That choice parlayed itself into a career teaching Latin at the high-school level for nearly eight years. Indeed, Phillips says, becoming a poet was something that likely would not have happened but for a series of coincidences.
“I guess in around ’88 or ’89, when I would have been about 29 or 30, I started writing. And I don’t think I would have ever seen it as anything more than a hobby,” Phillips explains, had he not taken a class with someone from the Poets in the Schools program. The poet thought Phillips’ work showed promise and advised him to apply for an upcoming state grant. Phillips followed his advice — and won $10,000 on his first try.

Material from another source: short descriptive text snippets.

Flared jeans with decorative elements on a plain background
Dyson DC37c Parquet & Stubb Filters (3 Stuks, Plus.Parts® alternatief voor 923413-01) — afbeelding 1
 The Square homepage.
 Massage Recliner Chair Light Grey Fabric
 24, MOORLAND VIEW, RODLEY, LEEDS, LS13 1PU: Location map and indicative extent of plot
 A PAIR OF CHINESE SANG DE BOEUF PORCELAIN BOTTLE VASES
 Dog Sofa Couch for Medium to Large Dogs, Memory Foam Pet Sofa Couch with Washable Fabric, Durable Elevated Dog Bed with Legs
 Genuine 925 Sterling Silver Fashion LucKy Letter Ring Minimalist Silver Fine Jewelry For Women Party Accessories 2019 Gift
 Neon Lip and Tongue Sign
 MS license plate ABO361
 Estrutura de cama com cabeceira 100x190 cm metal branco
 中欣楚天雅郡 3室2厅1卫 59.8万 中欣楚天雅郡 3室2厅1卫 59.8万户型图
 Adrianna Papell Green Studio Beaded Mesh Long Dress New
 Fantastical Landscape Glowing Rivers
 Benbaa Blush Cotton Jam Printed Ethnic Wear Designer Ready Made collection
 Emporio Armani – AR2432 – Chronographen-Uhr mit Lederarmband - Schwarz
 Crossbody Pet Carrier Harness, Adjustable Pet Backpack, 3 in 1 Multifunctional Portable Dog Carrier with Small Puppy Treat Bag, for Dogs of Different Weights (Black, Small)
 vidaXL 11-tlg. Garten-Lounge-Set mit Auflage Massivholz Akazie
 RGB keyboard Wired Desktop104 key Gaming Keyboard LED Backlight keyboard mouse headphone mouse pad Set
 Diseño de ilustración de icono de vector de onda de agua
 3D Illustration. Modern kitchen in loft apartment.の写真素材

The rest, as Phillips describes it, was “a whirlwind.” The grant allowed him to take a workshop to hone his writing skills — and the workshop leader was Alan Dugan, a Yale Younger Poet and winner of the National Book Award and Pulitzer Prize, among other numerous honors. Dugan quickly became a believer in Phillips’ work, advising him to collect his poems into a book and start trying to win one of the many prestigious first-book prizes, which are the surest way to recognition for a young writer’s work.
Phillips followed Dugan’s advice, though he also continued making more traditional plans for his life — such as entering a doctoral program at Harvard in classical philology. Then came the news that changed his life: He heard his book, In the Blood, had won the Morse Prize for publication of a first book. “And it really made me question whether I belonged in a Ph.D. program,” Phillips recalls.
Quickly, he shifted gears, leaving Harvard to enter Boston University’s creative writing program, then basking in the glory of Derek Walcott’s Nobel Prize for Literature in 1992. Robert Pinsky, soon to be named the nation’s Poet Laureate, became a mentor, working closely with Phillips on his manuscript and advising him on his job search.
Phillips ended up taking a visiting professorship at Washington University in St. Louis. In his second year there — just as he had accepted another visiting professorship at Harvard — Phillips learned that his second book, Cortege, had been nominated for the National Book Critics Circle Award. That, apparently, was all the administration at Washington University needed to hear: They rushed to offer the young poet tenure. And the rest, as they say, is history.
Sometimes Phillips simply shakes his head in wonder at the turn his life has taken. “I hadn’t planned on being a professor, let alone a professor of poetry,” Phillips says.
Like many other successful African American poets, Phillips has found that the academy is an ivory tower both figuratively and literally.
Phillips says there are only five other tenured faculty members in his school’s arts and sciences division. “Yes, five when I arrived — one died, and they hired another,” he says. But while others might see that as a reason to leave, Phillips says it just makes him work harder at being “an effective presence” at the school.
“I think I’ve been able to have a good deal of influence over, for example, the courses that are taught in the English department. I know that African American poetry had not been taught before I arrived. I teach it now, and so do several other faculty members,” he says.
In addition, Phillips has incorporated a service-learning unit into the writing program, requiring his mostly White students to teach poetry in inner-city St. Louis schools.
“It’s, shall we say, a new experience for most of them, one that allows them to see what it feels like to be a minority for a change,” Phillips says. “And I have to say, from the point of the view of the graduate students teaching in the program, they love doing it — they all come out of the experience transformed.”
Phillips doesn’t think the experience he’s currently basking in — that of being the toast of the poetry world — is one that will transform him. The glow of the moment, he says, “is passing very quickly because this is, ultimately, about the work and Tether is now old work. It’s time to get on to the new.”